Tuesday 16 May 2023 19:00 – 20:30 BST | 14:00 EDT | 11:00 PDT | 20:00 CEST £6/ PWYC
Shaped by the tidal forces of the New World, jazz music and dance are rooted in the Africa where the arts form a unified complex of interlocking relationships. The great composer and bandleader, Duke Ellington, exhalted the African aesthetic tradition, consciously aligning his music and imagination to serve all forms of jazz dance, throughout his long career. Known to keep “one eye on the audience and one eye on the act,” he most frequently called upon tap dancers to “step inside” his music and deliver a range of styles, percussive color and visual excitement to performance. A great collaborator, just as he practiced communal composing with his musicians, he also worked directly with dancers as allied artists. This presentation will share stories of these collaborations gleaned from oral histories and autobiographies of the jazz dancers who moved his music including: Bunny Briggs, Brownie Brown, Peg Leg Bates, Howard “Stretch” Johnson, Alfredo Gustar, Bessie Dudley, Talley Beatty and more.

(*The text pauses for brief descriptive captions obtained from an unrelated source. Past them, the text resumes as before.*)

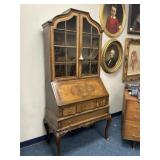 Burr Walnut Marquetry Slat Front Secretary Desk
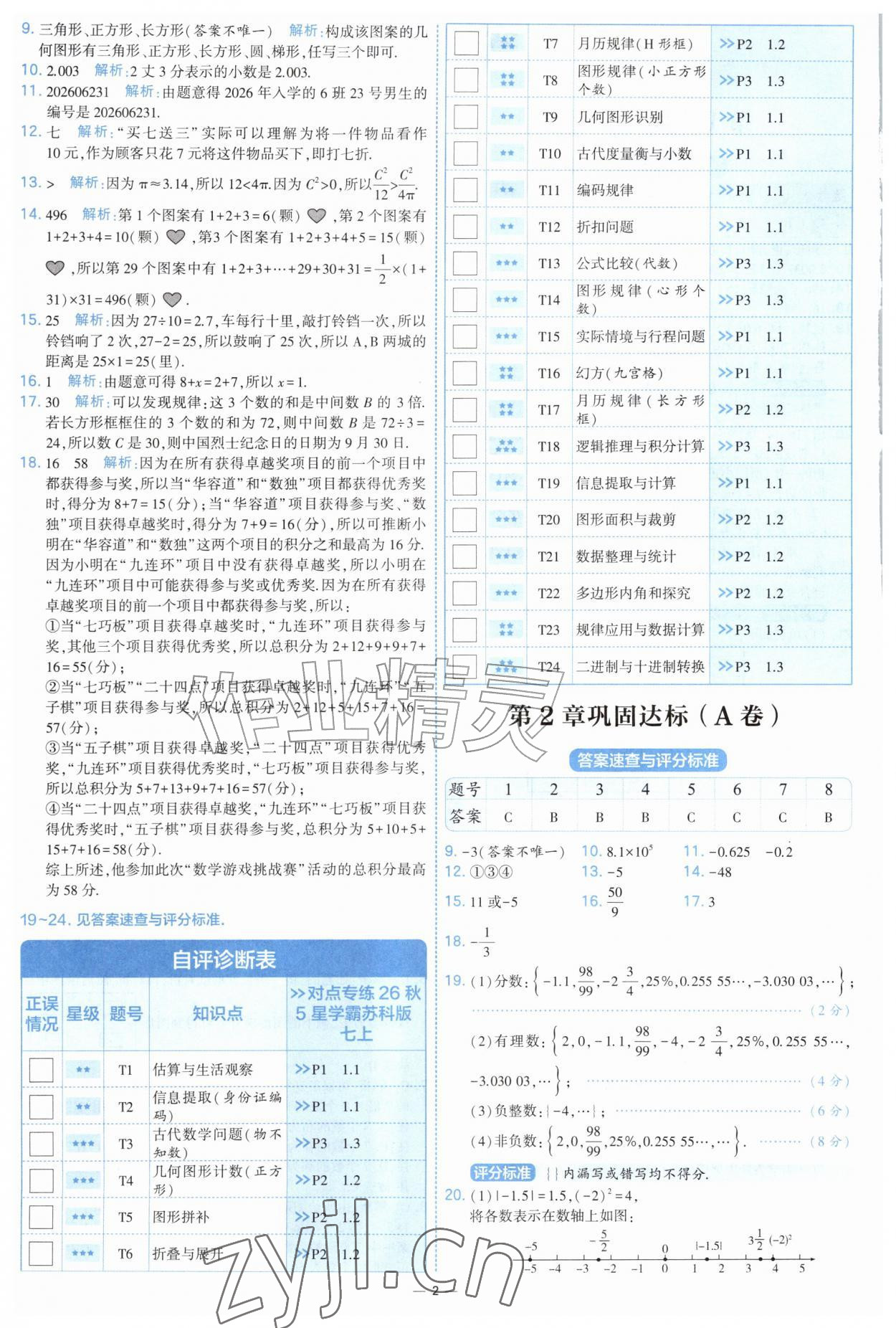 2026年学霸提优大试卷七年级数学上册苏科版&nbsp;第2页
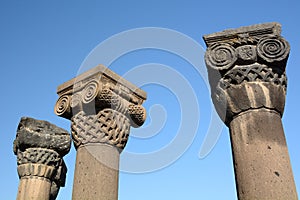 Columns detail at Zvartnots Cathedral. Vagharshapat. Armavir province. Armenia photo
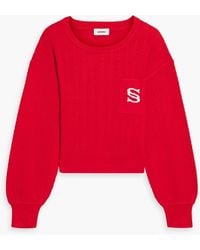 Sandro - Embroide Cable-knit Sweater - Lyst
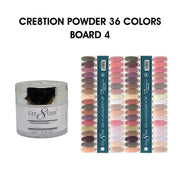 Cre8tion Dip POWDER 2oz - 36 colors Board 4 (#109-#144) + Free 1 Color Chart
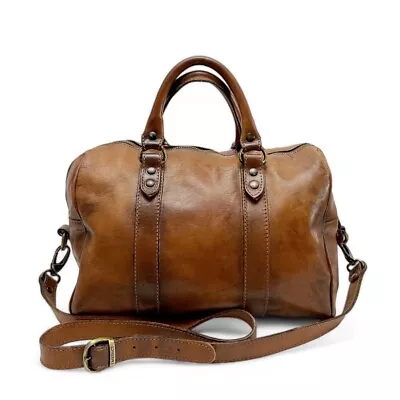 I Medici Of Florence Burnished Brown Leather Satchel Crossbody Handbag • $55.99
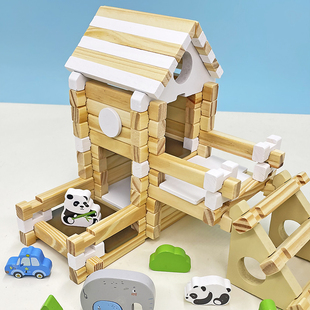 鲁班榫卯积木动手拼搭建筑师房子，小屋儿童早教益智力亲子互动玩具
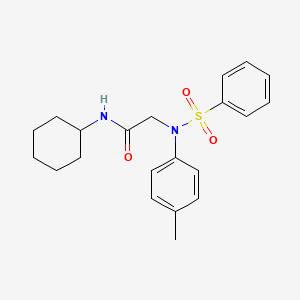 molecular formula C21H26N2O3S B3868954 N~1~-cyclohexyl-N~2~-(4-methylphenyl)-N~2~-(phenylsulfonyl)glycinamide 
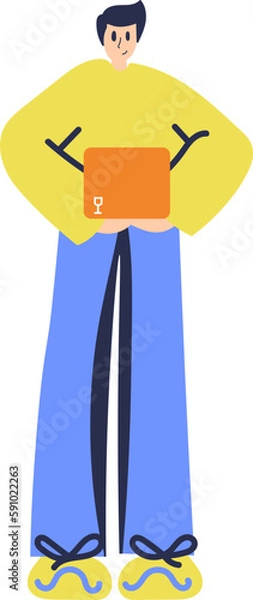 Obraz Flat Courier Illustration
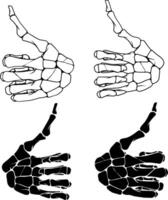 Thumbs up skeleton hand gesture set collection illustration issolated vector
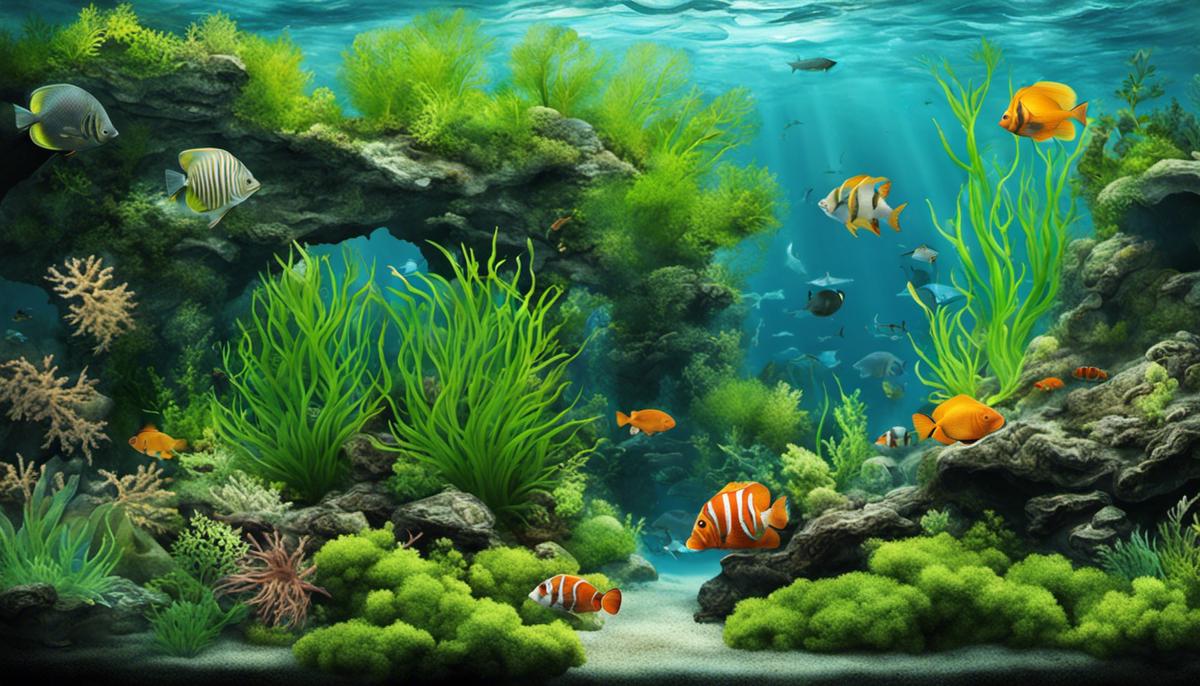Illustration of aquarium with excessive algae growth, fish stress, and overheating.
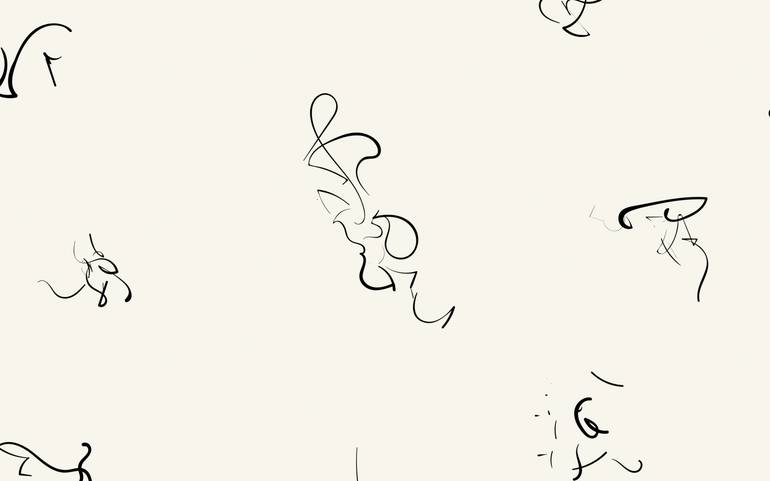 Original Abstract Calligraphy Drawing by Harald Gsaller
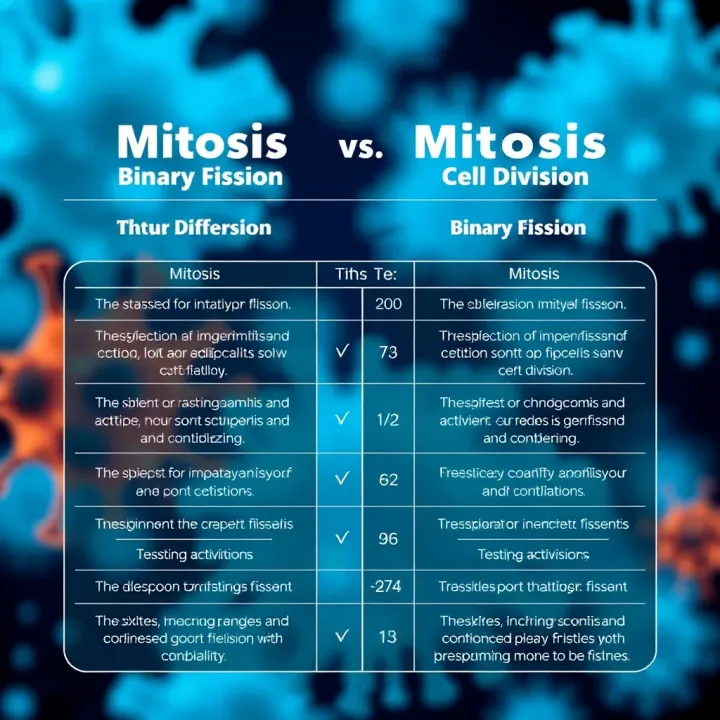 Comparison chart showing differences between mitosis and binary fission highlighting key cellular activities in each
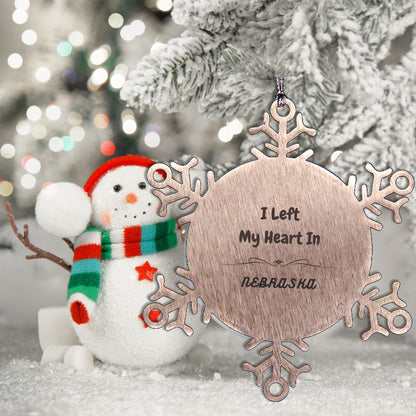 I Left My Heart In Nebraska Snowflake Ornament Christmas Gifts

Artist, educator and performer, Allana Radecki has a BA in Fine Arts and MA in African American, African Diaspora Studies from Indiana University. Her research focuses on the interlocking roots and culture of jazz music and dance through autobiography and oral history. Her current book project examines the multi-faceted relationship between Duke Ellington and jazz dance, with an emphasis on tap dancers. A noted teacher of Hatha Yoga, Rhythm Tap and Modern Dance since 1986, she has taught thousands of classes to thousands of people of all ages. As a jazz tap dancer, Allana loves to improvise and also explores West African and Afro- Brazilian percussion including many years with Women of Mass Percussion and five seasons with the Indiana University Brazilian Ensemble.